Mental Retardation


mentalMental retardation is a generalized, triarchic disorder, characterized by subaverage cognitive functioning and deficits in two or more adaptive behaviors with onset before the age of 18. Once focused almost entirely on cognition, the definition now includes both a component relating to mental functioning and one relating to the individual’s functional skills in their environment.

Mental Retardation is a part of a broad category of developmental disability; it is defined by the American Association of Mental Deficiency as significantly subaverage general intellectual functioning existing concurrently with deficits in adaptive behavior and manifested during the developmental period (18 years of age). Adaptive behaviors include communication, self-care, work, leisure, health, and safety.


A diagnosis of mental retardation cannot be made on the basis of intellectual ability alone; there must be both intellectual and adaptive (personal independence and social responsibility) impairment.

Causes of mental retardation are genetic, biochemical, viral, and developmental.

  • Prenatal Infection and intoxication
  • Trauma or physical agent (e.g. lack of oxygen)
  • Metabolic Disturbance
  • Inadequate Prenatal Nutrition
  • Gross postnatal brain disease (e.g. Neurofibromatosis or tuberous sclerosis)
  • Chromosomal abnormalities
  • Prematurity
  • Low birth weight
  • Autism
  • Environmental deprivation

Associated Factors Include:

  • Maternal Lifestyle (e.g. Poor nutrition, smoking, and substance abuse)
  • Chromosomal disorders (most related to Down Syndrome)
  • Specific Disorders such as fetal alcohol syndrome
  • Cerebral Palsy, microencephaly or infantile spasms


The Pathophysiology of Mental Retardation depends on the cause; early diagnosis and prompt treatment may particularly important in cases involving an identifiable and possibly correctable cause such as phenylketonuria (PKU), malnutrition, or child abuse.

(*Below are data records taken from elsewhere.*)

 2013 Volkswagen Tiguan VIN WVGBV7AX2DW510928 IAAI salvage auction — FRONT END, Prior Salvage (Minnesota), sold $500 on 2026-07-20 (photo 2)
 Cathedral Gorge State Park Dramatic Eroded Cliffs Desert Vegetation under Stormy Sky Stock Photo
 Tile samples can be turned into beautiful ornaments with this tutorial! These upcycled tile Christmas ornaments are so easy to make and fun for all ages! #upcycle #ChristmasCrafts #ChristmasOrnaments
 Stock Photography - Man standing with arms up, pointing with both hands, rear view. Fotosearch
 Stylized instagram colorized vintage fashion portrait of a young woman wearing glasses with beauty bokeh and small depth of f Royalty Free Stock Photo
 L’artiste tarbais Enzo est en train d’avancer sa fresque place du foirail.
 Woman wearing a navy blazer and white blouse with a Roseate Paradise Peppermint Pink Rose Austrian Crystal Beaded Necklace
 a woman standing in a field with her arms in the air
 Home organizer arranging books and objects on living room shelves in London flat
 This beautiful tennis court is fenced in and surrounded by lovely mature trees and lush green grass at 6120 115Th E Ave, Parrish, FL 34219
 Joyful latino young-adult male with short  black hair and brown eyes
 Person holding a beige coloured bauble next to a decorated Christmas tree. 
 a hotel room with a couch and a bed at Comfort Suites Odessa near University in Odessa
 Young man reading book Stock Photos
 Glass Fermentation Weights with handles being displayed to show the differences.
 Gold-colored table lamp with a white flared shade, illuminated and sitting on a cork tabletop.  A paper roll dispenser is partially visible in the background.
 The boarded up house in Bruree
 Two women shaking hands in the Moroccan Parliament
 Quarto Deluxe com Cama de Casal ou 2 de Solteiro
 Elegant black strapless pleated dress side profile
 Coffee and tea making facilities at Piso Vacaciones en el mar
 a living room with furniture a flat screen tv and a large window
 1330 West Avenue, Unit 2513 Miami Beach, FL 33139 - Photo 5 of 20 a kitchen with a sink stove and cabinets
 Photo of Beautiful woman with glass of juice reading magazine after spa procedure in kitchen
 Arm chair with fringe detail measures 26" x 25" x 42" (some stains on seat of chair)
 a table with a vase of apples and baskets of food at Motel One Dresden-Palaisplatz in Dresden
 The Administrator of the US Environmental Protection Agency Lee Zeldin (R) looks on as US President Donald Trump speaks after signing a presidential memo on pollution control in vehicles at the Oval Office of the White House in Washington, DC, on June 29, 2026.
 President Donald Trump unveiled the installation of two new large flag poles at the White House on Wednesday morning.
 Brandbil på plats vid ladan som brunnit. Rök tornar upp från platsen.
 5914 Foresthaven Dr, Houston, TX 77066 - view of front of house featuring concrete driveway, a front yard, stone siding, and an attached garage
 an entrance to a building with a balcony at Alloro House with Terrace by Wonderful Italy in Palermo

Diagnosis usually is made after a period of suspicion. Diagnosis may be made at birth from recognition of specific syndromes such as Down Syndrome. Diagnosis and classification are based on standard IQ test scores.

Clinical Manifestations:

Findings may vary depending on the classification or degree of retardation.






Mild (50-70 IQ)

The child often is not noted as retarded, but is slow to walk, talk and feed self.

The child can acquire practical skills, and learn to read and do arithmetic to sixth grade level with special education classes. The child achieves a mental age of 8 to 12 years

The adult can usually achieve social and vocational skills. Occasional guidance may be needed. The adult may handle marriage, but not child rearing.

Moderate (35-55 IQ)

Noticeable delays, especially in speech are evident.

The child can learn simple communication, health, and safety habits, and simple manual skills. A mental age of 3 to 7 years is achieved.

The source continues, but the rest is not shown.